Illiterate phishers

« previous post | next post »

I've recently noticed an uptick in spam with good graphical quality but terrible proofreading. A few random examples are below.

The spammeisters at ResearchGate are acting like proud grade-school parents over my contributions to the field of Natural Glyage Processing:

Some people who pretend to be from nightly.news.report or maybe from Home & Life Magazine want to tell me about Cannabis Oil. The core of their message is reasonably professional, with just a couple of typos or L2-English infelicities:

But that email starts out with this curious bit of text:

Myl history :thinking: i'll allow it username checks out watch out, he's gonna get you with

…and ends with this:

NMB three six seven zeroround meadow lane hatboro PA 19040
If you do not wish to receive future mailings from NMB Resources, Cancel/stop-.
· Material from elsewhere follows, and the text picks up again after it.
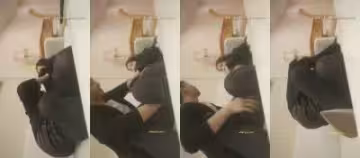 莞式選妃 2019112823.58.36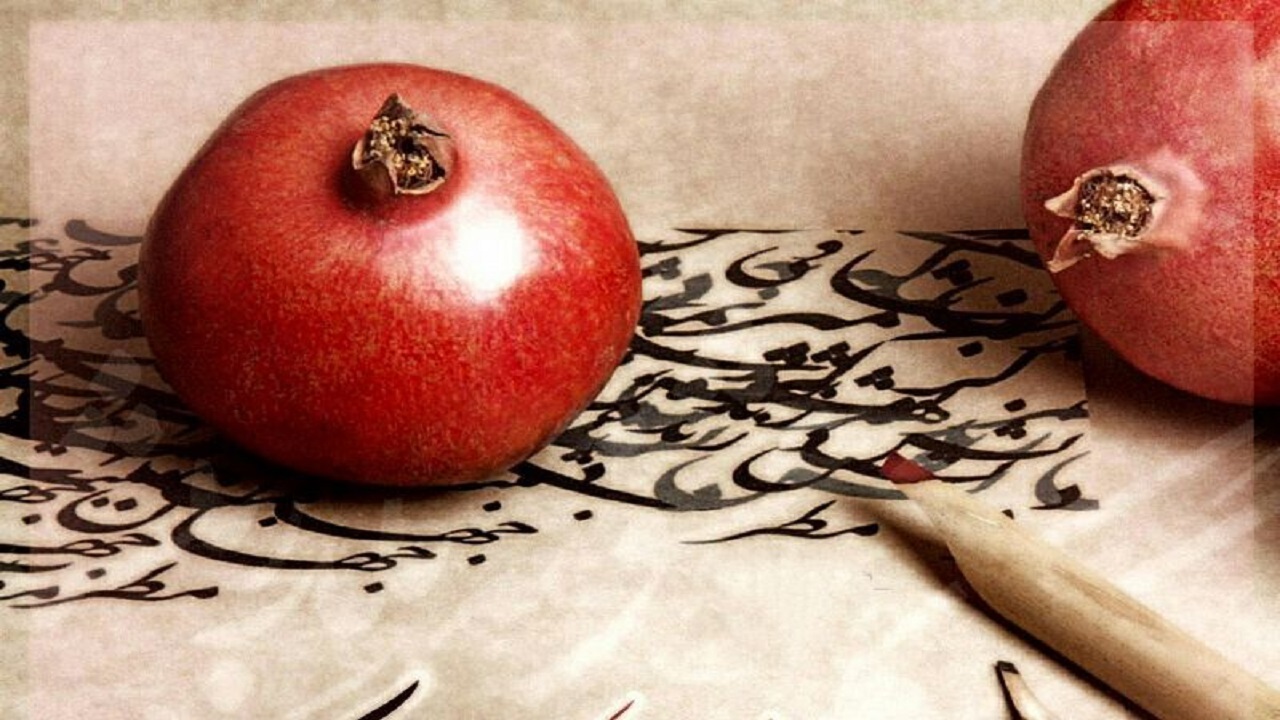 جشنواره یلدای کارگری در سیستان‌وبلوچستان مجازی برگزار می‌شود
now i want to watch blade now r/tytumblrgifs luke cage film my reaction when people say x-men started the modern
should remain alert to signs of anxiety, depression, and opioid use disorder (see recommendations 8 and 12) that might be unmasked by an opioid taper and arrange for management of these co-morbidities. for patients agreeing to taper to lower opioid

Meditative text messages among the phishers? Dribblings from a text-generation program that's lost its tiny mind?

The same crew (?), pretending to be ABC News ,wrote to tell me about relief from "Chornic Pain" under the Subject line "CBD oils aer now legal in all states":

No pre-graphics burbling, but afterwards came this:

it?? Kama asked, speaking in a low voice as he edged closer to the pair. ?Not easily,? Skizer replied as Razen glared at Kama. ?With both drones, I
am able to generate a low fidelity.



17 Comments

  1. Chris C. said,

    February 6, 2018 @ 3:41 pm

    Most likely, snippets of text designed not so much to convey information as to confound Bayesian spam filters.

  2. Aaron said,

    February 6, 2018 @ 4:03 pm

    Obligatory link to research about the false positive problem: https://www.microsoft.com/en-us/research/publication/why-do-nigerian-scammers-say-they-are-from-nigeria/. Not only can misspellings help get through spam filters, they also only fool people most likely to actually fall for whatever they're selling.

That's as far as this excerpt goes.